O terceiro texto, de Hildo Honório do Couto e da Elza Kioko Nakayama Nenoki do Couto, apresenta uma discussão sobre a Ecologia das relações espaciais: as preposições do crioulo-português da Guiné-Bissau. O texto, inicialmente, estabelece um panorama geral acerca da ‘ecolinguística’, que é a ciência dedicada ao estudo das relações entre língua e meio ambiente. Os autores discutem os conceitos de ecossistema fundamental da língua (social, mental e natural) para, depois, observarem as inter-relações entre esses meios ambientes. Mais adiante, o texto trata da Ecologia das Relações Espaciais, exemplificando-a com preposições portuguesas e crioulas. Além disso, investiga-se o que Bernard Pottier chama de ‘uso nocional’ das preposições e exemplifica com usos de preposições espaciais crioulas de base portuguesa. Por fim, propõe-se analisar as relações espaciais examinadas nas seções precedentes, uma vez que, no senso comum, acredita-se que as preposições, como palavras funcionais que são, não teriam nenhuma relação com o mundo fora da língua.

O quarto texto é da autoria de Ana Lívia dos Santos Agostinho e Manuele Bandeira, acerca das Línguas nacionais de São Tomé e Príncipe e ortografia unificada. O texto reflete sobre práticas e instrumentos linguísticos como a ortografia unificada (o Alfabeto Unificado para as Línguas Nativas de São Tomé e Príncipe, ALUSTP) e sua importância para os falantes das três línguas autóctones de São Tomé e Príncipe: santome, lung’Ie e angolar. O alfabeto adotado é de base fonético-fonológica, em detrimento de um alfabeto etimológico. Além da ortografia unificada, o estudo tratou da inclusão do lung’Ie no currículo das escolas da ilha do Príncipe, apostando em duas práticas linguísticas: o planejamento e a padronização linguística como estímulos ao ensino do lung’Ie, assim como a produção de materiais didáticos. As autoras concluem que o estabelecimento de grafias oficiais e a inclusão da língua no currículo escolar garantiriam voz aos falantes de lung’Ie.
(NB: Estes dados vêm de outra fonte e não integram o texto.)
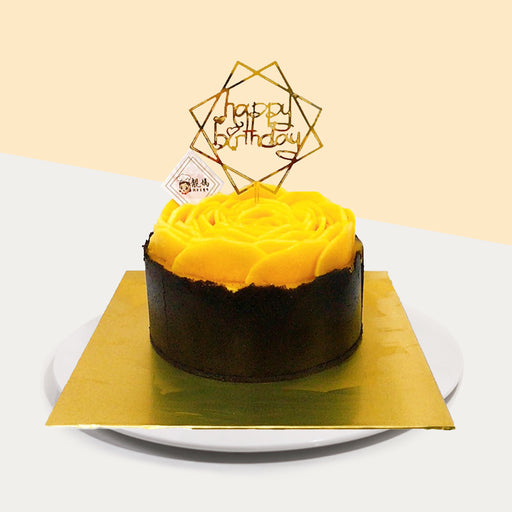 Mango mousse cake with an Oreo base, with fresh mango within and on top of the cake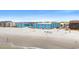 Aerial view of the building complex facing the beach, and ocean at 720 North Waccamaw Dr. # 312, Murrells Inlet, SC 29576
O quinto e último texto deste capítulo é da autoria de Ciro Lopes da Silva e de Pascoal Jorge Sampa, cujo título é A língua portuguesa na Guiné-Bissau: influência do crioulo e a identidade cultural no português. O texto discute questões sociolinguísticas da Guiné-Bissau, focando a importância do crioulo na vida dos guineenses. Os autores analisam a importância do crioulo não só para a população em geral, como também para excluir o receio de errar no espaço público, como acontece com grande parte dos guineenses quando fala o português. Nesse contexto, de acordo com os autores, o crioulo oferece aos guineenses dois suportes fundamentais, um racional e outro expressivo, necessários para o desenvolvimento intelectual de qualquer indivíduo. Os autores acreditam que o crioulo deveria ser a língua oficial da Guiné-Bissau a par com o português, até porque é a língua com que o guineense mais se identifica.